La grazia in cambio della uscita di scena del Cavaliere, che contrariamente alle previsioni, nelle Politiche 2013 era andato tanto bene da sfiorare la vittoria. E capo del partito, con il Pd, reggente il governo Letta. La sua dipartita, magari per lasciare tutto in mano al suo delfino Alfano, sarebbe stata una ghiotta occasione per normalizzare l’anomalia italiana, creare una sorta di patto consociativo stabile tra la cosiddetta sinistra e il cosiddetto centrodestra e instaurare un regime duraturo. In cui il dominio sarebbe stato esercitato dalla sinistra, a cui Napolitano apparteneva, con un centrodestra privo di Berlusconi ridotto a portatore d’acqua ai post comunisti. Era certamente questo il disegno del capo dello Stato. Ma Berlusconi, plebiscitato solo pochi mesi prima alle elezioni, avrebbe dovuto andarsene, tradendo cosi il mandato di milioni di elettori, in cambio della libertà personale? Non so se ci si rende conto della gravità della trattativa.
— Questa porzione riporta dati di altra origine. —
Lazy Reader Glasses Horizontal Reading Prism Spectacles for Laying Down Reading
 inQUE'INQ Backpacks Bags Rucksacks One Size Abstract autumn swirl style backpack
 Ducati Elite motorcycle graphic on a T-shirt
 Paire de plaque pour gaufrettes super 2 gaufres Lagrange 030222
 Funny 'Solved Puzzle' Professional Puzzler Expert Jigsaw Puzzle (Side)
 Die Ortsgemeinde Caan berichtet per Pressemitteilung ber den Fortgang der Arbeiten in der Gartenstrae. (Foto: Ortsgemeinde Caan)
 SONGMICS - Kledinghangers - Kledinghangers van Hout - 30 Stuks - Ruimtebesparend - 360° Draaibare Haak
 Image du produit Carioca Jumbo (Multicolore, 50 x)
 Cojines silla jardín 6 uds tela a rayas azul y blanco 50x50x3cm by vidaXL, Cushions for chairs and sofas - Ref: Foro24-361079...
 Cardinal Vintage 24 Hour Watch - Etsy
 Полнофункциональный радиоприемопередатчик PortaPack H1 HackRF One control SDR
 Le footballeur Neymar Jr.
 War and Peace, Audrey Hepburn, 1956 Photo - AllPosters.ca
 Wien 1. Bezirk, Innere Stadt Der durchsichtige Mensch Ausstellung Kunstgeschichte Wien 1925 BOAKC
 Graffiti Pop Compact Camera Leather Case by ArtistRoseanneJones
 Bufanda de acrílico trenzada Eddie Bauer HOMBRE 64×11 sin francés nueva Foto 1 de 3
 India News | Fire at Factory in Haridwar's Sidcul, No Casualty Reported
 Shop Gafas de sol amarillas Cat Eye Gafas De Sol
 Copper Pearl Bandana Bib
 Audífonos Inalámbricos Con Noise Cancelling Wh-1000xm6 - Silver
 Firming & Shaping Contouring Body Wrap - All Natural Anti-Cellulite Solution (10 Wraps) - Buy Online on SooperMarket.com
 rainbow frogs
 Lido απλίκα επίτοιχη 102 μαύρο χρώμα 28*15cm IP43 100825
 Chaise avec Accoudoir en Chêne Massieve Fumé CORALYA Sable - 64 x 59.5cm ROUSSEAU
L’operazione, per ragioni che forse sapremo più avanti, fallì. E diciamo fortunatamente, perché la normalizzazione dell’Italia avrebbe finito per renderla schiava ancor più di quello che non fecero Letta, Renzi e Gentiloni, alla Ue e alla Germania di Merkel.
Cosi come fallimentare è stata tutta l’opera del Napolitano 2010-2015, il vero fondatore di questa sgangherata Terza Repubblica: le forzature provocarono solo la distruzione del sistema, senza che egli ebbe la forza, la volontà o il coraggio di portare a termine l’opera. Quando lasciò in anticipo sul suo secondo mandato, nel gennaio 2015, l’Italia era rimasta a metà del guado, per stare al titolo di un suo libro degli anni Settanta. Solo che, anche per responsabilità di Napolitano, ora rischia di affondare, tra i poteri abnormi del Quirinale, il parlamento trasformato in bivacco, i partiti ridotti a consorterie delegittimate di qualsiasi autorità. Il giudizio degli storici sul primo (e si spera ultimo) presidente di provenienza comunista, non potrà che essere molto severo.